Exercício de cidadania
Concordo com o promotor Cláudio Esteves, que classificou a ação de entidades de classe e Igreja, como um exercício de cidadania, por ocasião da formalização do apoio ao Ministério Público nas investigações de irregularidades na Comurb, em Londrina. A formalização do apoio, assim como o lançamento da campanha, objetivando reduzir o índice de violência na cidade, que conta também com a participação de representantes dos veículos de comunicação, deve receber pleno apoio de cada cidadão desse município que compreende, diferentemente de alguns, que a violência cresce a cada dia. Sob minha maneira de analisar, trata-se de dois tipos de violência, uma consequência da outra, e esta consequência consegue ser em relação a essa outra, muito mais perversa e brutal.
Vivemos a violência política, essa marcada pela imoralidade e total falta de honestidade. Na medida em que aqueles que nós elegemos para nos representar assaltam os cofres públicos, desmantelam o patrimônio público, concebem pesados benefícios financeiros e fiscais para instalação de empresas com a justificativa nada convincente de gerar empregos e incentivar novos empreendimentos, impedem a organização e participação popular, e são ainda omissos perante grandes questões sociais etc.

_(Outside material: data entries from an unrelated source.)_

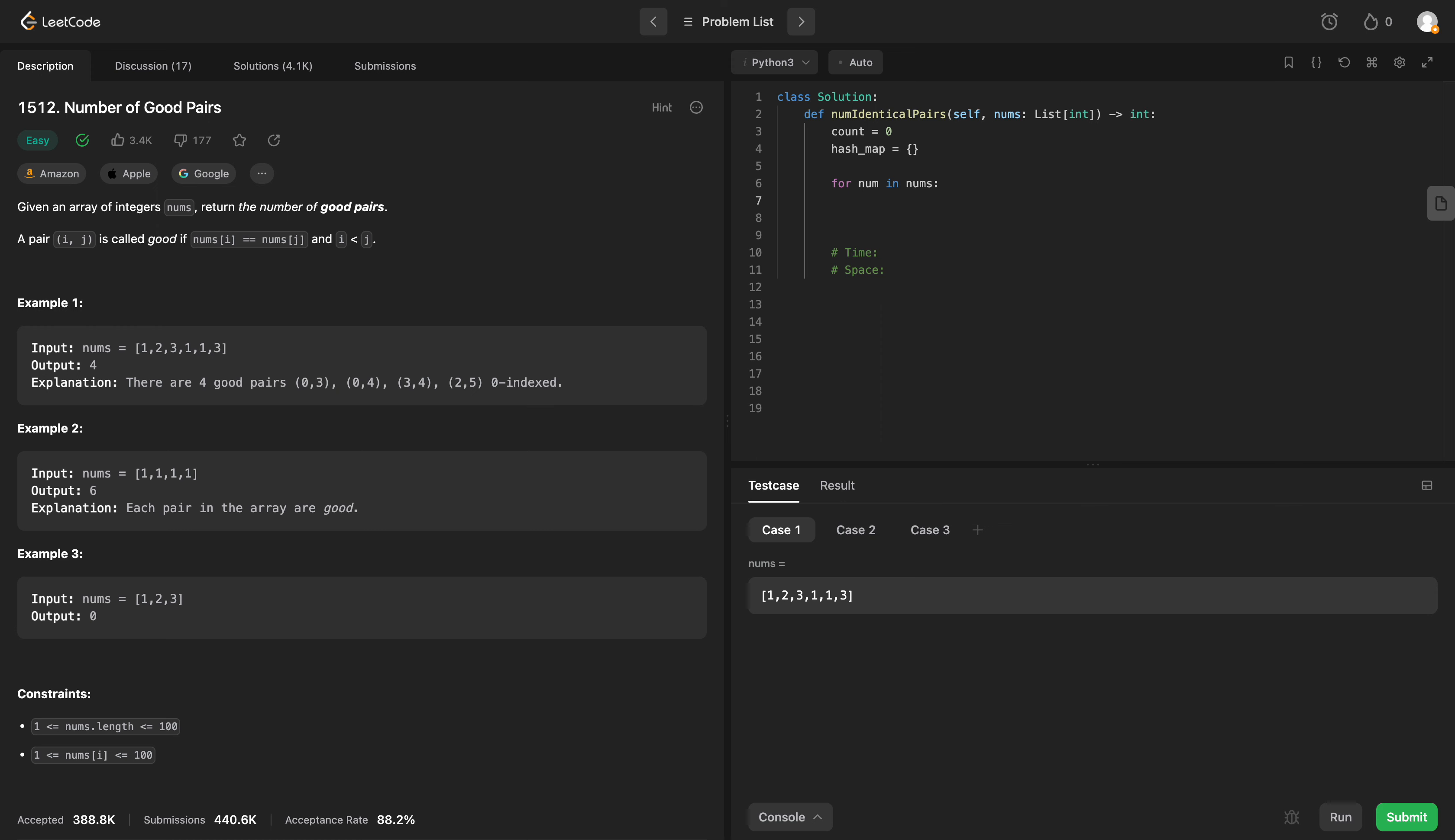What are we going to do? If we run into a number that is already in our hash map, well, let's deal with the case where it's not in there. So we'll say if num is not in our hash map, then we will say hash map of num will now equal 1.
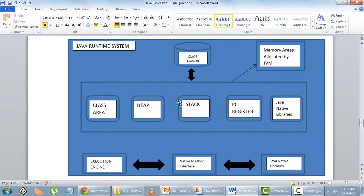Next to that you have heap and stack — two blocks of memory. In heap, all the objects are stored. Whenever you declare or initialize a new object in a class, it is stored in heap memory. In stack memory, everything else apart from objects is stored. Java stacks store frames, hold local variables and partial results, and play a part in method invocation and return types as well.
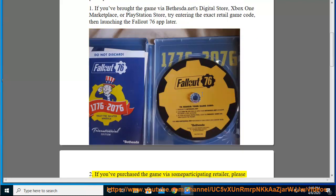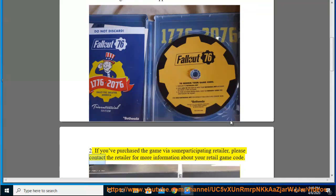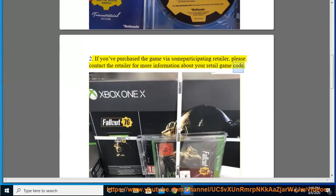2. If you've purchased the game via some participating retailer, please contact the retailer for more information about your retail game code.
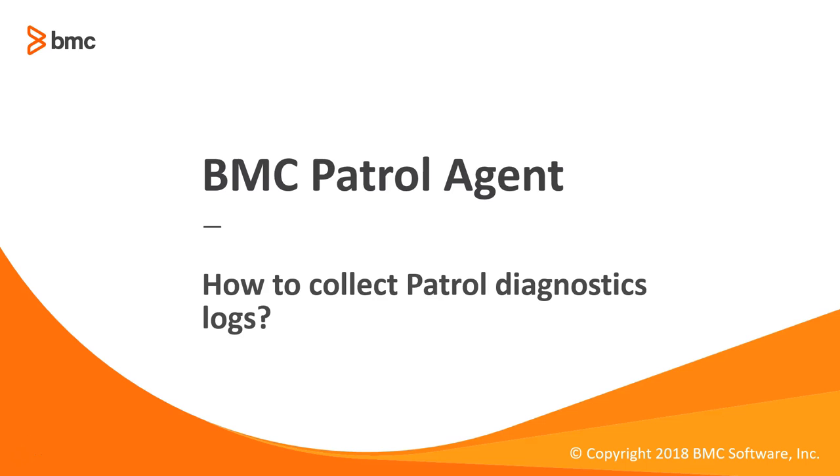Hello all, my name is Sunil Dhallu and I am presenting this video to help you collect the patrol agent diagnostic logs, which is also called PDICs for BMC Patrol Agent product.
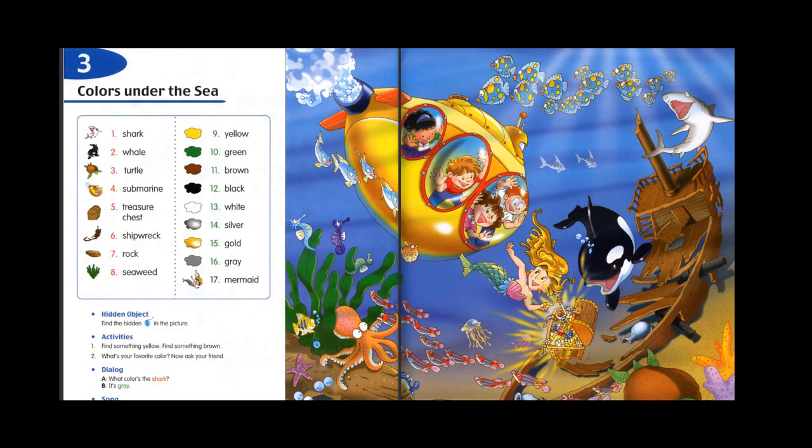3. Turtle. 4. Submarine. 5. Treasure chest. 6. Shipwreck.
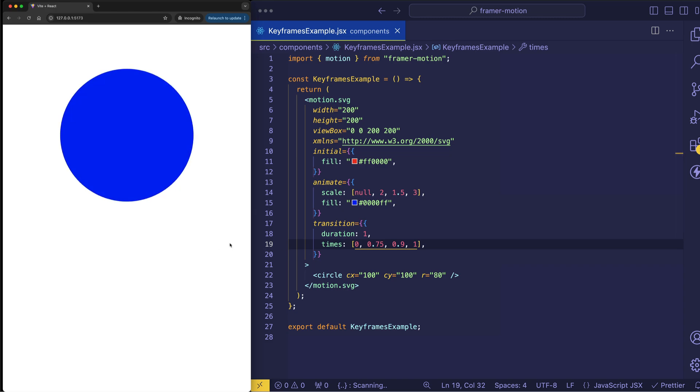So you can see how we really customize that there where the initial scale up to 2 was kind of gradual and then those last couple keyframes were really quick. And that gives a certain personality to the animation. So check it out one more time.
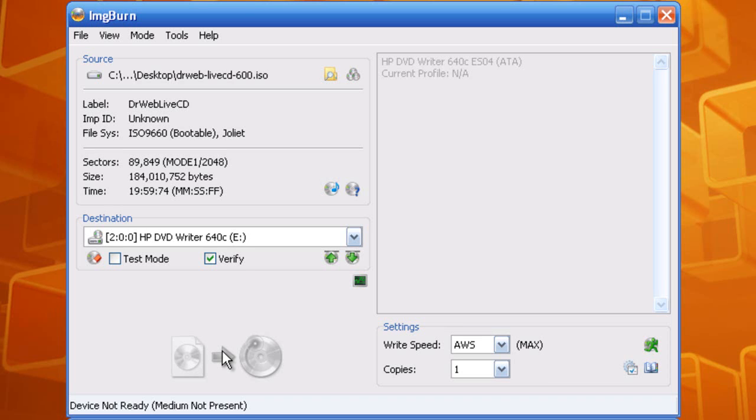When your computer starts up, look at when it first starts up to see what button you press to go into the setup mode. To change the starting booting part to be the CD DVD ROM. Then you want to put the hard drive as a secondary. You want to make the primary the CD DVD ROM and the hard drive secondary.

Isso gera, em consequência e simultaneamente, outro tipo de violência que consegue ser ainda mais perversa e brutal, pois desestrutura a sociedade, provocando principalmente nas classes menos abastadas, instabilidade e decadência constante das necessidades básicas que garantem a sobrevivência humana e formação do indivíduo como cidadão. Sendo ausentes para o cidadão e sua família, conduz este para a marginalidade, a criminalidade, para o desespero, e assim, estão instauradas as duas violências, a política e a social.
- ANDERSON MARCELO CHOUCINO, distrito da Warta
Correção Diferentemente do que foi publicado no título da notícia principal da página 2, e na chamada de capa da Folha Economia de ontem, a desigualdade social no País está inalterada desde 1977, como informa o texto.